• [WHAT IS REQUIRED]: Your answer should hold only the lines from the one with "white book shaped vase" through the end of the records, repeated exactly and minus any pictures.

Short text fragments from websites:
---------------
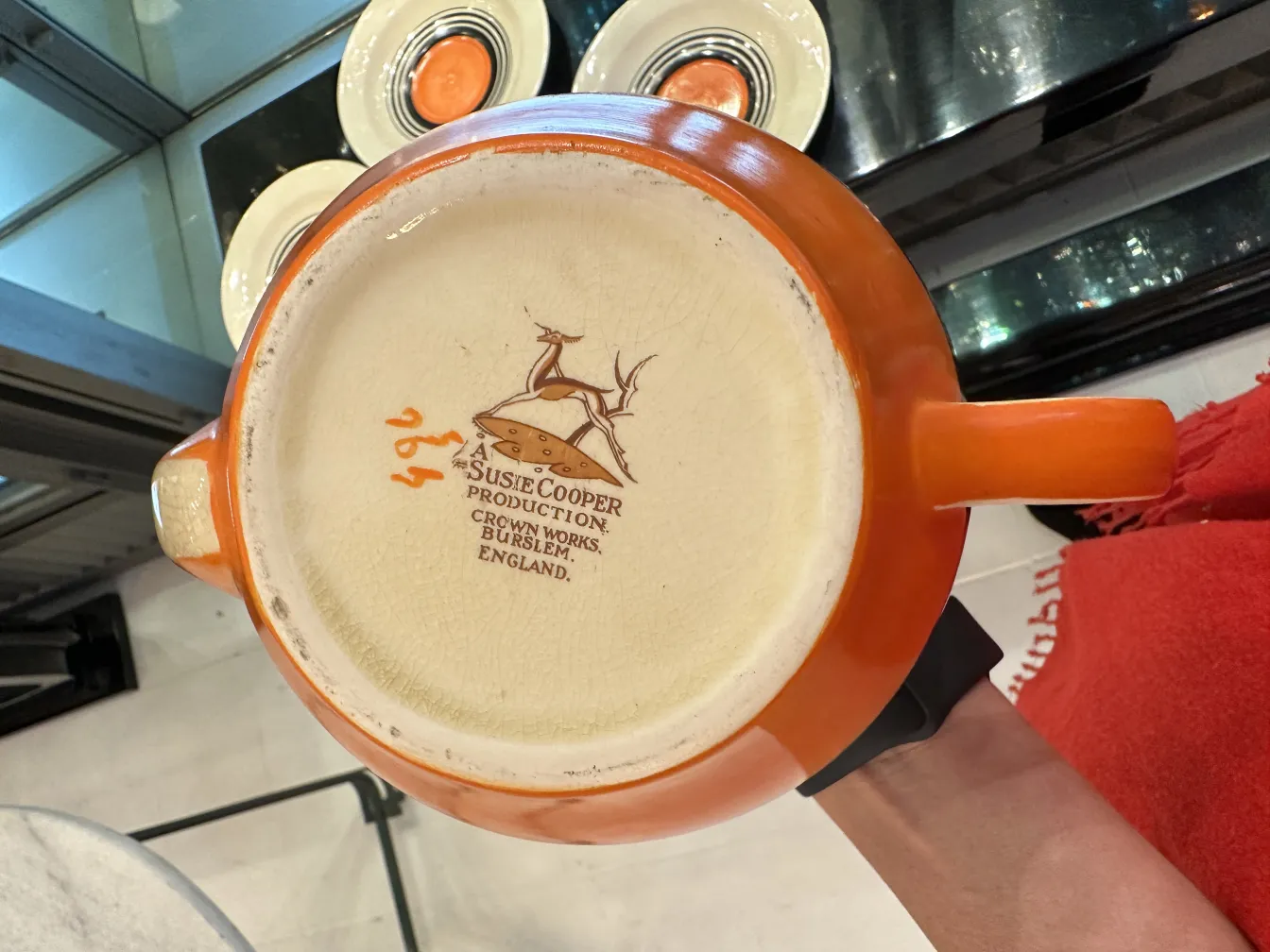 antique orange tea set on a light background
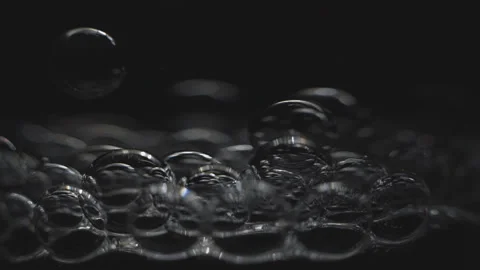 Beautiful colored bubbles in a liquid on a black background. Close-up. Slow moti Video stock 97984878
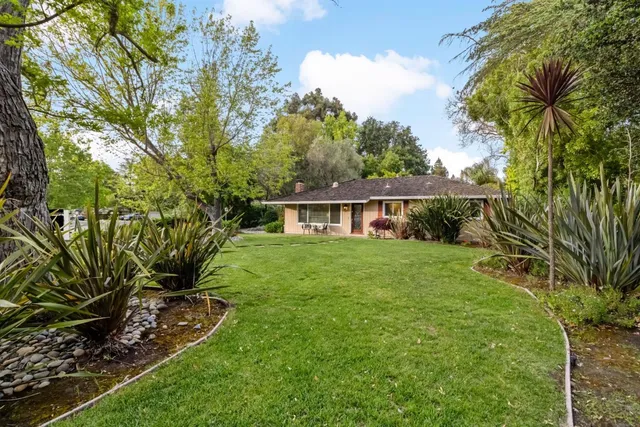 a view of a house with a big yard plants and large trees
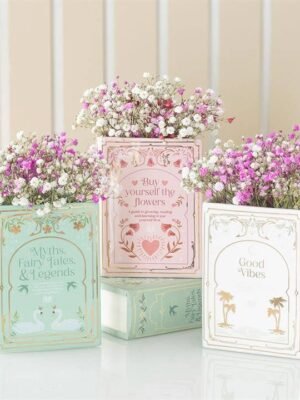 white book shaped vase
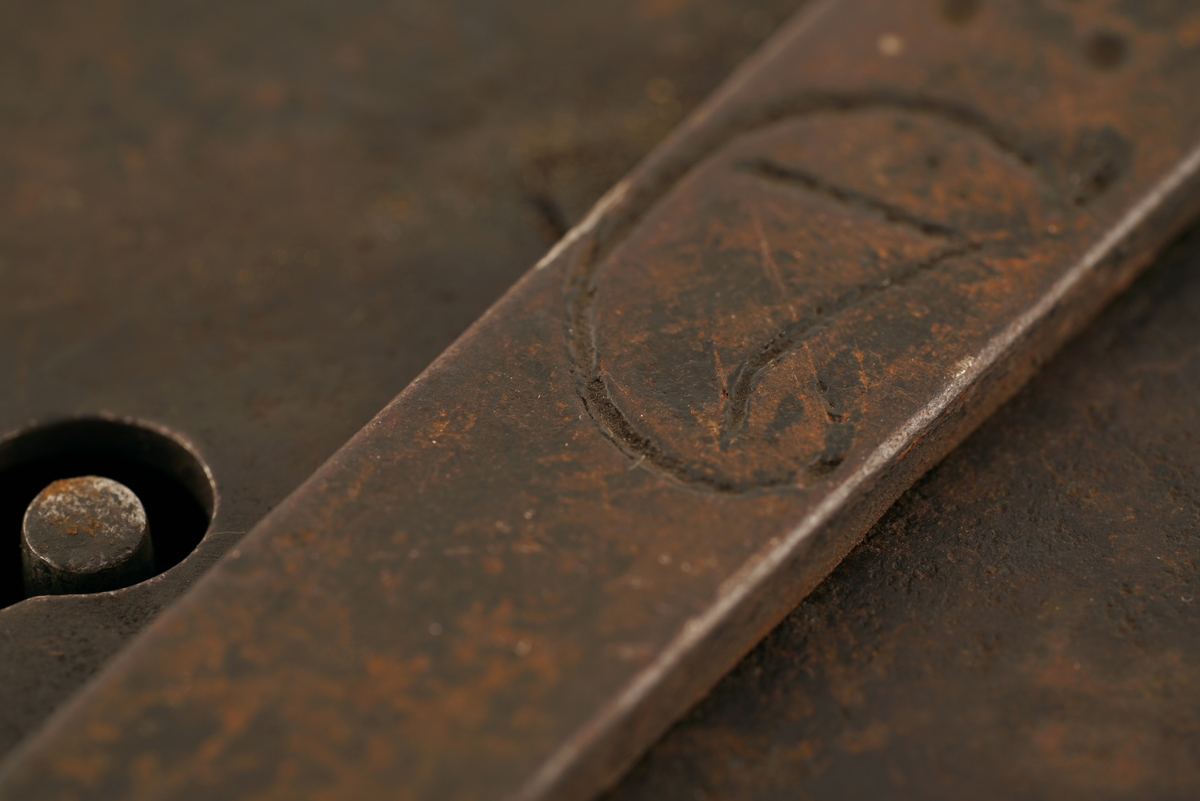 Hengelås av jern med svingbart lokk over nøkkelhull. Ova eller rund.
Nøkkel av jern. Gjennombrudt, hul, med forhøyning i nøkkelens overkant.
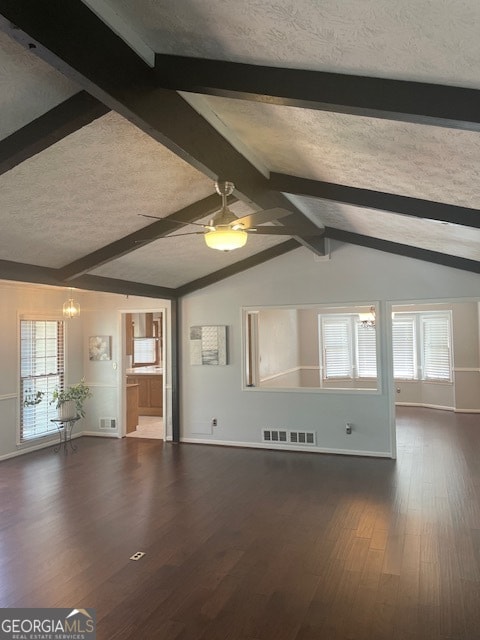 unfurnished living room with dark wood-type flooring, lofted ceiling with beams, and a textured ceiling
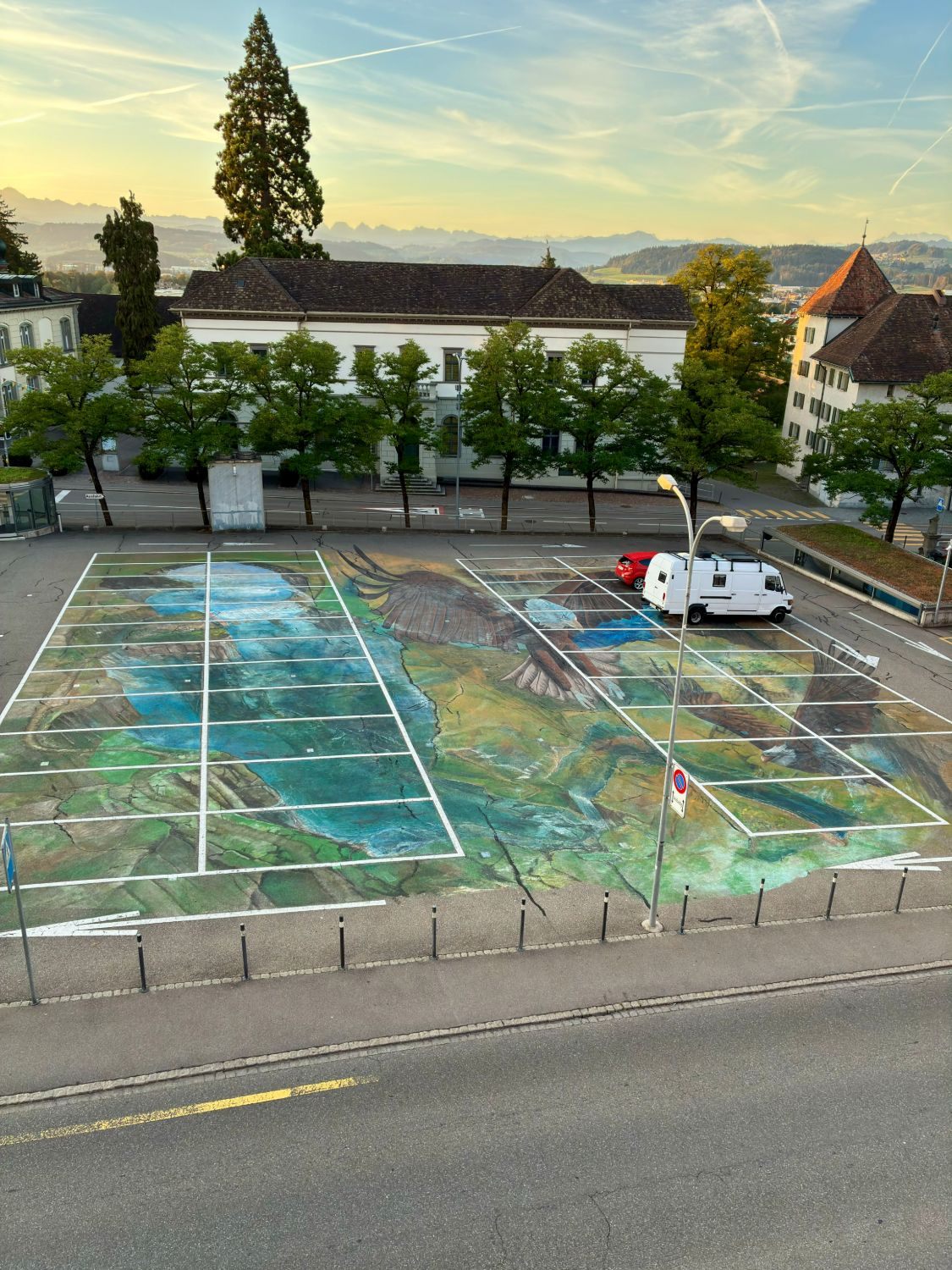 A car park in Wil painted with a large mural of a lake landscape and flying eagles, seen from above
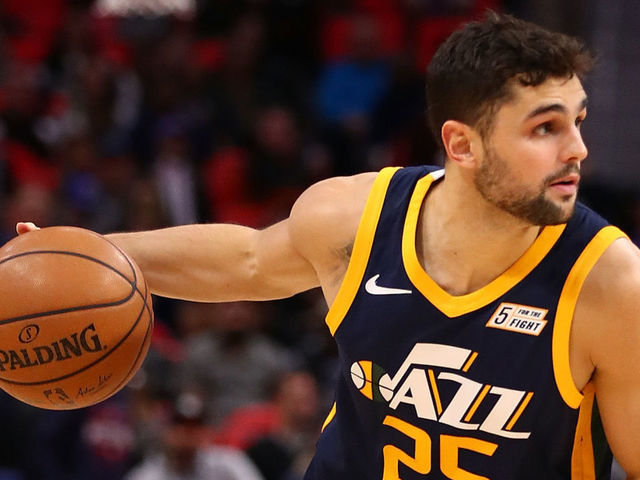 DETROIT, MI - JANUARY 24: Raul Neto #25 of the Utah Jazz brings the ball up court while playing the Detroit Pistons at Little Caesars Arena on January 24, 2018 in Detroit, Michigan.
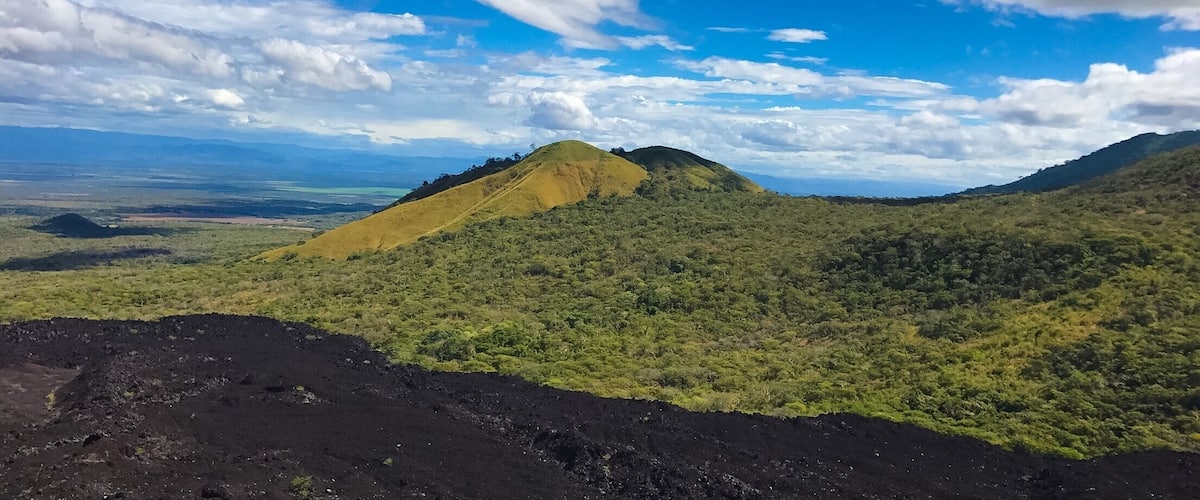 Hiked up this volcano and surfed down! 🏂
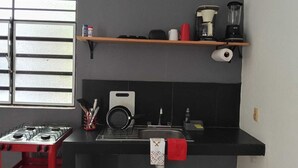 A kitchen with a gas stove, a sink, a coffee maker, and a shelf with kitchen items. - Private, practical room for longer stays (Chetumal)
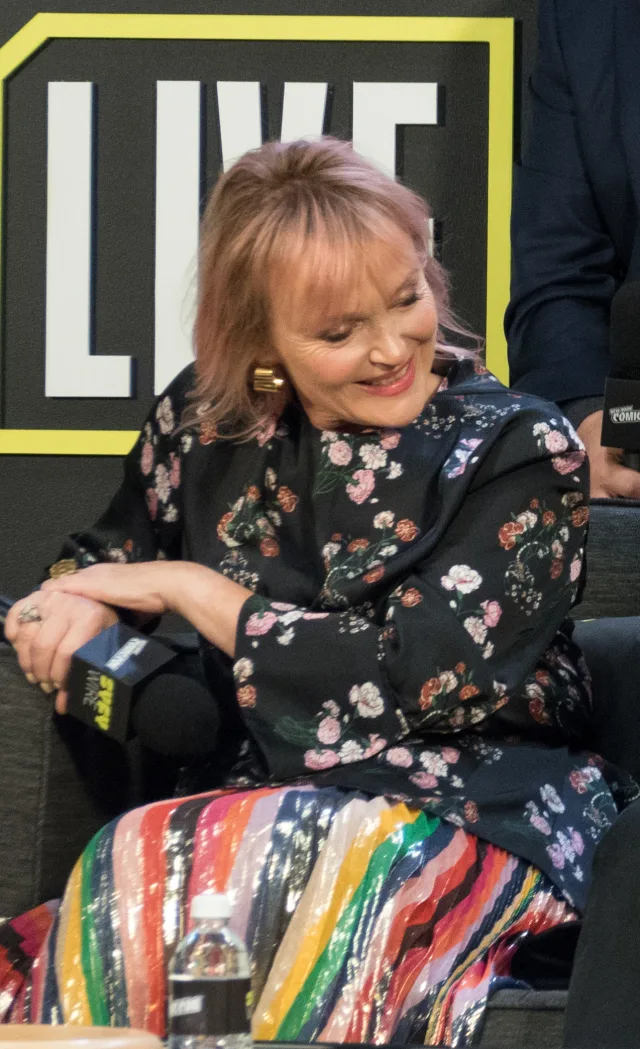 Smiling woman with a pink-tinted fringe and gold earring, looking down while seated on a panel sofa in a floral top and striped sequin skirt.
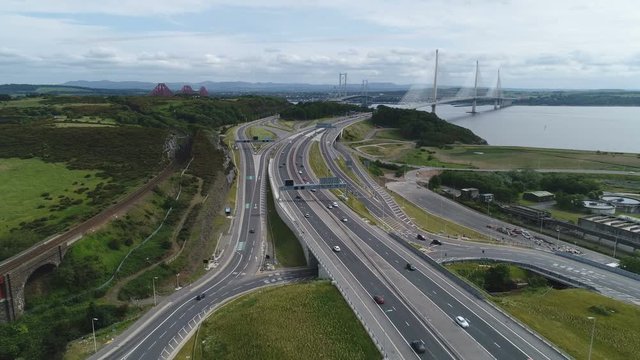 Aerial view of busy intersection leading towards the Queensferry Crossing and Forth bridges near Edinburgh, infrastructure and transportation in Scotland, Europe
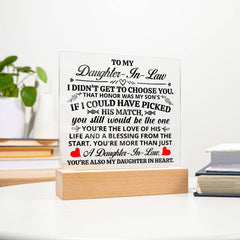 Clear acrylic plaque with heartfelt message for daughter-in-law, displayed on a wooden light-up base, placed on a white tabletop next to books and a small plant.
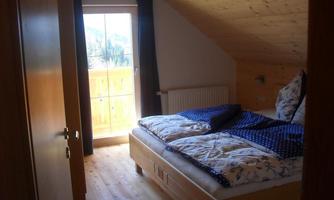 A cozy bedroom with a double bed and wooden floor. A window overlooking a balcony and daylight illuminating the room.
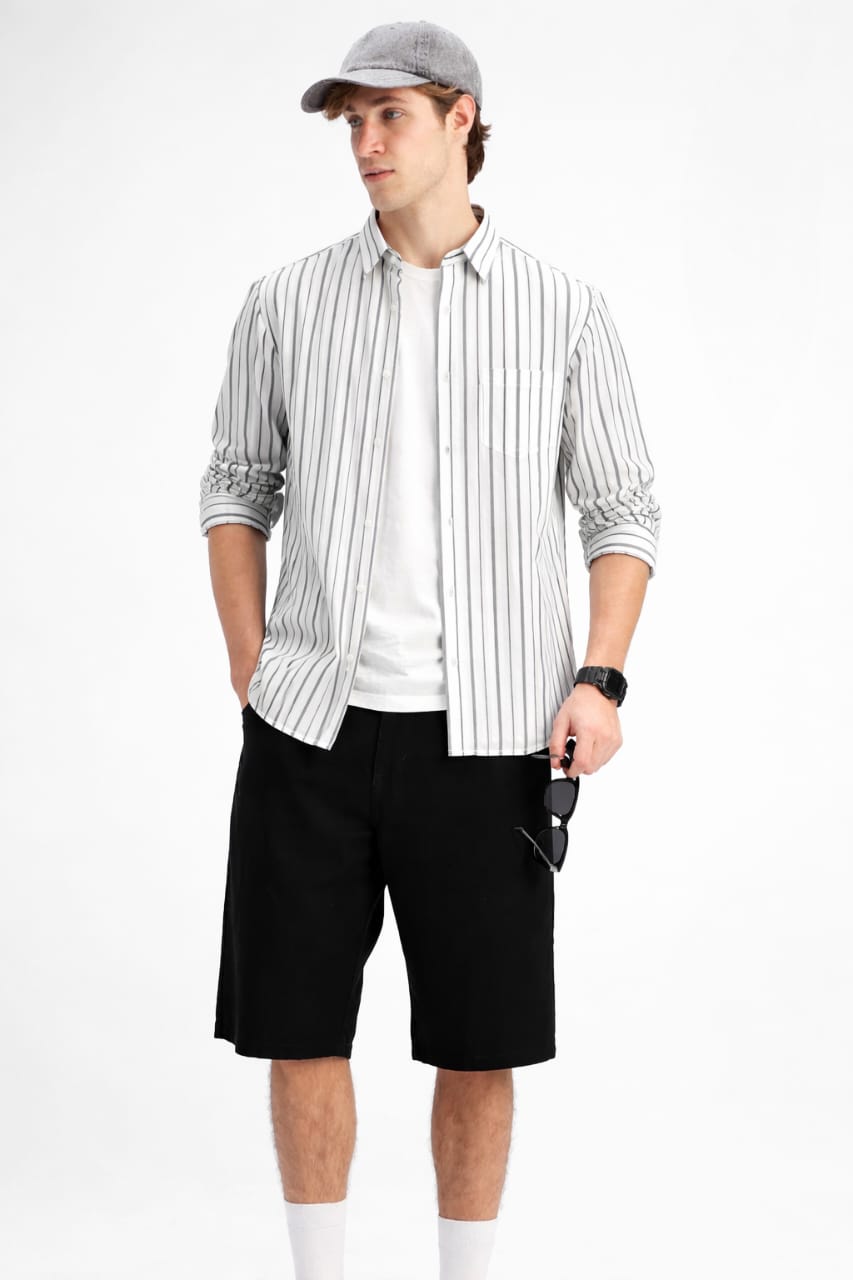 Man wearing a striped shirt, white undershirt, black shorts, and a cap on a white background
---------------
• [RESULT]:
 white book shaped vase
 Hengelås av jern med svingbart lokk over nøkkelhull. Ova eller rund.
Nøkkel av jern. Gjennombrudt, hul, med forhøyning i nøkkelens overkant.
 unfurnished living room with dark wood-type flooring, lofted ceiling with beams, and a textured ceiling
 A car park in Wil painted with a large mural of a lake landscape and flying eagles, seen from above
 DETROIT, MI - JANUARY 24: Raul Neto #25 of the Utah Jazz brings the ball up court while playing the Detroit Pistons at Little Caesars Arena on January 24, 2018 in Detroit, Michigan.
 Hiked up this volcano and surfed down! 🏂
 A kitchen with a gas stove, a sink, a coffee maker, and a shelf with kitchen items. - Private, practical room for longer stays (Chetumal)
 Smiling woman with a pink-tinted fringe and gold earring, looking down while seated on a panel sofa in a floral top and striped sequin skirt.
 Aerial view of busy intersection leading towards the Queensferry Crossing and Forth bridges near Edinburgh, infrastructure and transportation in Scotland, Europe
 Clear acrylic plaque with heartfelt message for daughter-in-law, displayed on a wooden light-up base, placed on a white tabletop next to books and a small plant.
 A cozy bedroom with a double bed and wooden floor. A window overlooking a balcony and daylight illuminating the room.
 Man wearing a striped shirt, white undershirt, black shorts, and a cap on a white background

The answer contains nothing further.